[Python-ideas] Atomic file.get(offset, length)

22 views
Skip to first unread message

Matt Chaput

unread,
Jul 21, 2012, 2:59:52 PM7/21/12
to python...@python.org
I wish Python binary file objects had an atomic seek-read method, so I wouldn't have to perform my own locking everywhere to prevent other threads from moving the file pointer between seek and read. Is this something that can be bubbled up from the underlying platform? I think the Linux C equivalent is pread. I also think Java has something like this but can't find a reference now.

Or does this exist and I missed it? (On a mmap file this is trivial, of course.) Has this been discussed before?

Cheers,

Matt

_______________________________________________
Python-ideas mailing list
Python...@python.org
http://mail.python.org/mailman/listinfo/python-ideas

Terry Reedy

unread,
Jul 21, 2012, 3:35:04 PM7/21/12
to python...@python.org
On 7/21/2012 2:59 PM, Matt Chaput wrote:
> I wish Python binary file objects had an atomic seek-read method, so
> I wouldn't have to perform my own locking everywhere to prevent other
> threads from moving the file pointer between seek and read.

If you are reading a file from multiple threads, I suggest you write
your own seek_and_read_with_locks function that does exactly what you
need in one place. Or add a .readx method to a subclass.

> Is this something that can be bubbled up from the underlying
> platform? I think the Linux C equivalent is pread.

If there is a standard posix function that is not yet wrapped in os, you
can propose its addition. But some research to see has widespread and
actually standardized it is.

--
Terry Jan Reedy

Guido van Rossum

unread,
Jul 21, 2012, 4:35:21 PM7/21/12
to Terry Reedy, python...@python.org
On Sat, Jul 21, 2012 at 12:35 PM, Terry Reedy <tjr...@udel.edu> wrote:
> On 7/21/2012 2:59 PM, Matt Chaput wrote:
>>
>> I wish Python binary file objects had an atomic seek-read method, so
>> I wouldn't have to perform my own locking everywhere to prevent other
>> threads from moving the file pointer between seek and read.
>
>
> If you are reading a file from multiple threads, I suggest you write your
> own seek_and_read_with_locks function that does exactly what you need in one
> place. Or add a .readx method to a subclass.
>
>
>> Is this something that can be bubbled up from the underlying
>> platform? I think the Linux C equivalent is pread.
>
> If there is a standard posix function that is not yet wrapped in os, you can
> propose its addition.
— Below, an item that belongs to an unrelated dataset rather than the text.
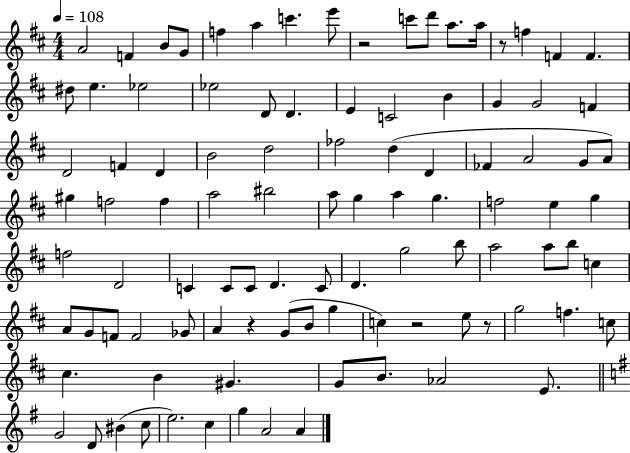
A4/h F4/q B4/e G4/e F5/q A5/q C6/q. E6/e R/h C6/e D6/e A5/e. A5/s R/e F5/q F4/q F4/q. D#5/e E5/q. Eb5/h Eb5/h D4/e D4/q. E4/q C4/h B4/q G4/q G4/h F4/q D4/h F4/q D4/q B4/h D5/h FES5/h D5/q D4/q FES4/q A4/h G4/e A4/e G#5/q F5/h F5/q A5/h BIS5/h A5/e G5/q A5/q G5/q. F5/h E5/q G5/q F5/h D4/h C4/q C4/e C4/e D4/q. C4/e D4/q. G5/h B5/e A5/h A5/e B5/e C5/q A4/e G4/e F4/e F4/h Gb4/e A4/q R/q G4/e B4/e G5/q C5/q R/h E5/e R/e G5/h F5/q. C5/e C#5/q. B4/q G#4/q. G4/e B4/e. Ab4/h E4/e. G4/h D4/e BIS4/q C5/e E5/h. C5/q G5/q A4/h A4/q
But some research to see has widespread and actually
> standardized it is.

"man pread" on OS/X suggests it exists there too. I presume the use
case is to have a large data file open for reading by multiple
threads. This is a reasonable use case and it makes some sense to
extend our binary readable streams (buffered and unbuffered) with an
API for this purpose.

However, it's probably just efficient to just have a separate open
stream per thread -- I doubt that open file descriptors are scarcer
resources than threads, and I presume the kernel will happily share
any buffering it does on behalf of multiple open files referencing the
same file. If you're worried about the buffer space, the default
buffer size is 8K, which is hardly worth mentioning compared to the
default thread stack allocation. Depending on your use case you may
get away with an unbuffered stream just fine.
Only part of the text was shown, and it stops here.